Lo sappiamo da relativamente poco, ma è ormai un sapere acquisito e riconosciuto dall’OMS (Organizzazione Mondiale della Sanità): per essere certificati come bambini e persone con un DSA non è sufficiente la segnalazione di un genitore ansioso o di una maestra pigra con la complicità di un neuropsichiatra in cerca di clienti: è necessario affrontare una serie di test, validati scientificamente, che verifichino e attestino l’esistenza del disturbo. Certificazione di cui tutti farebbero volentieri a meno, barattandola con un funzionamento più efficiente. Ragazzi che farebbero volentieri a meno della calcolatrice per fare i conti o della tabelle dei verbi. Ragazzi che hanno capito che è meglio accettare questa forma di aiuto per poter continuare a crescere e a imparare materie ben più complesse del semplice calcolo di una formula.
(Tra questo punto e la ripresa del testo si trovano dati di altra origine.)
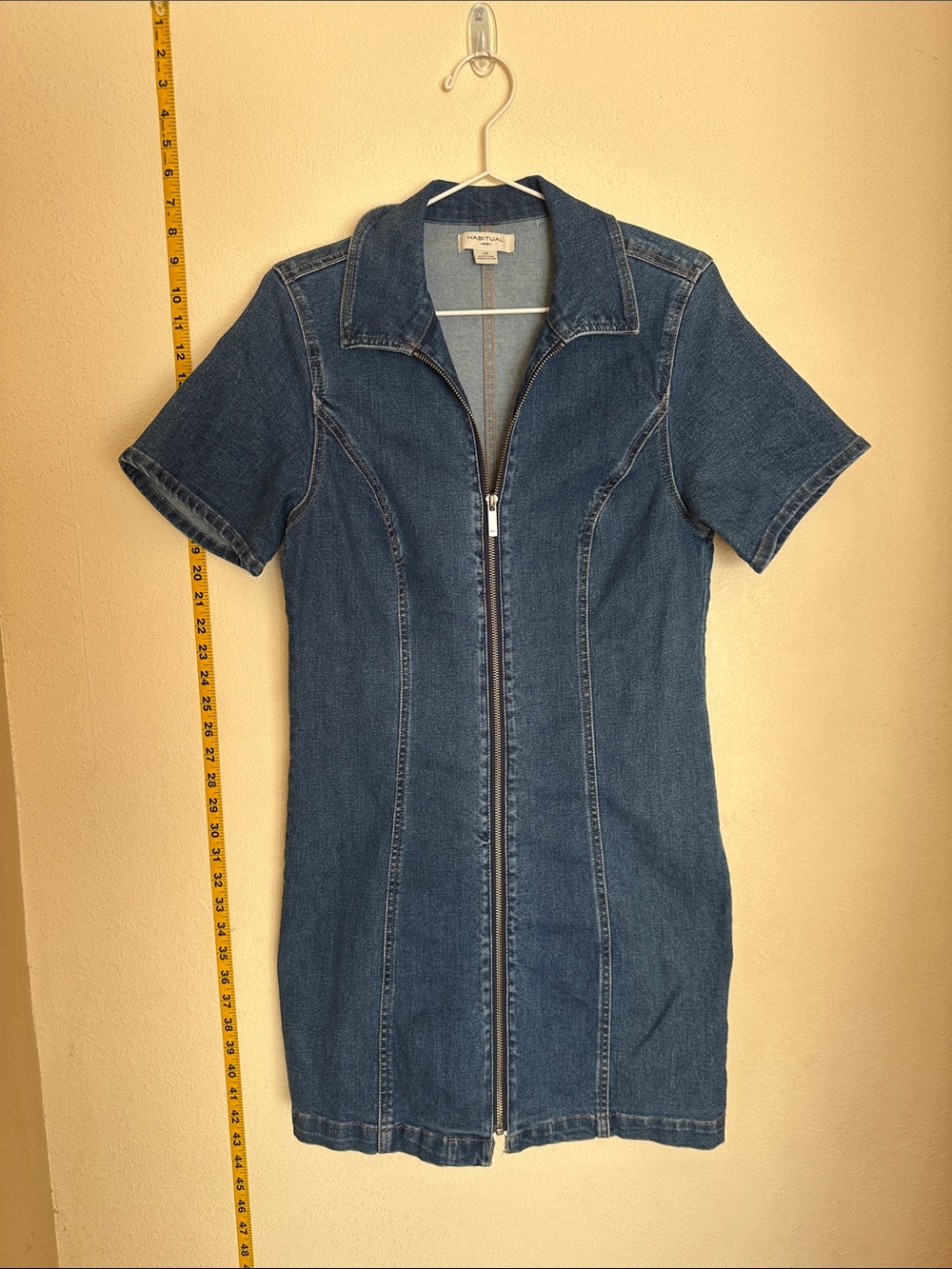 Habitual Denim Zip-Front Mini Dress in Blue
È un percorso di crescita che passa dall’accettazione dei propri limiti che è richiesto a questi bambini e a questi ragazzi, così come a tutti gli educatori che li accompagnano nei loro percorsi di crescita. Un percorso che evidentemente Daniele Novara non ha ancora compiuto: è rimasto fermo a quel periodo, non lontano da noi, in cui questi bambini erano etichettati come “asini” e “monelli”, imponendo loro punizioni e compiti supplementari. Bambini che spesso interrompevano precocemente gli studi, cui veniva inflitto un supplemento maggiore di fatica (e di vera sofferenza), perché additati come, appunto, “asini” e “monelli”. In un periodo un po’ più lontano da noi, molti di questi bambini venivano indirizzati verso le classi speciali e differenziali.
Caro signor Novara, ci dispiace, ma non è accettabile che si usino fatiche vere per giustificare tesi palesemente infondate e così pericolose per il rispetto dei diritti dei bambini. Perché è vera la fatica degli adulti di oggi ad aiutare i propri figli con proposte educativa significative e autorevoli, in un mondo che cambia ogni giorno a una velocità impressionante e in cui è indispensabile ridefinire continuamente ruoli e regole. Perché è vera la fatica della scuola a rispondere in modo adeguato ai bisogni educativi di tutti i bambini e di tutti i ragazzi da cui potrebbe nascere il rischio di affibbiare superficialmente etichette sanitarie. È anche vera la fatica dei servizi specialistici, così come di quelli sociali, di prendersi in carico dei bambini che ne hanno bisogno nella loro globalità e complessità e non solo per il loro “disturbo”, in un Paese che investe moltissimo sulle cure fisiche dei bambini e pochissimo sul garantire le cure per i disturbi neuropsichici.
Ma tutte queste fatiche hanno poco o nulla a che fare con l’incremento delle certificazioni e tanto meno giustificano la negazione dell’esistenza dei disturbi del neurosviluppo e dei disturbi psichiatrici. In certi casi l’ignoranza non è ammissibile. Quando poi in questo delirio si riprendono, di fatto, vecchie tesi che mettono in connessione l’autismo con gli stili educativi dei genitori, la responsabilità diventa una colpa. Grave.
Giovanni Merlo è direttore della LEDHA (Lega per i Diritti delle Persone con Disabilità, componente lombarda della FISH-Federazione Italiana per il Superamento dell’Handicap); Antonella Costantino è presidente della SINPIA (Società Italiana di Neuropsichiatria dell’Infanzia e dell’Adolescenza).